• **PROBLEM TO SOLVE**
Scan the lines below for the string "Case" and copy every one that has it.

• **DATASET**
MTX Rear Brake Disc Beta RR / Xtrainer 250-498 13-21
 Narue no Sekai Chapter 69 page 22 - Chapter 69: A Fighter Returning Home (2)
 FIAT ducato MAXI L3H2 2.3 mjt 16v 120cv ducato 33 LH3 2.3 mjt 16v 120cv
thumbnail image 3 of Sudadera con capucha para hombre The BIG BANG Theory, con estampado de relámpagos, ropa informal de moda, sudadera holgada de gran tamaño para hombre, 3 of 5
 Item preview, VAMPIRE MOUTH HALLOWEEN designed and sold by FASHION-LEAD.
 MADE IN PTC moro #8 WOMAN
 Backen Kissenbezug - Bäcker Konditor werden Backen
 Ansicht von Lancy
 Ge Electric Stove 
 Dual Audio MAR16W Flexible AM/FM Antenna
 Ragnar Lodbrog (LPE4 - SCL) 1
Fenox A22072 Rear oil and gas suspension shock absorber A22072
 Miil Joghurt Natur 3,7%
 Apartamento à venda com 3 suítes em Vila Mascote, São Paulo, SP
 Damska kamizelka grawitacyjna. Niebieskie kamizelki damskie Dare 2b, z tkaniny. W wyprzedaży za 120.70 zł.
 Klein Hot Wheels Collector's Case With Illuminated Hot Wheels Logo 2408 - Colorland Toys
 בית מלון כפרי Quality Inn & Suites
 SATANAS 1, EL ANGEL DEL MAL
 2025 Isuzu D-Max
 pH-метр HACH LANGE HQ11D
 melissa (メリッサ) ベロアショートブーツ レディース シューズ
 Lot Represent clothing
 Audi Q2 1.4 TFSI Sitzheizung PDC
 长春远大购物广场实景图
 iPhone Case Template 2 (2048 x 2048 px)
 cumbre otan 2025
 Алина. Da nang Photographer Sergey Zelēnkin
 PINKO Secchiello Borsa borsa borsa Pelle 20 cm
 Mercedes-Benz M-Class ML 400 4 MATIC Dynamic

• **WORKED SOLUTION**
 Klein Hot Wheels Collector's Case With Illuminated Hot Wheels Logo 2408 - Colorland Toys
 iPhone Case Template 2 (2048 x 2048 px)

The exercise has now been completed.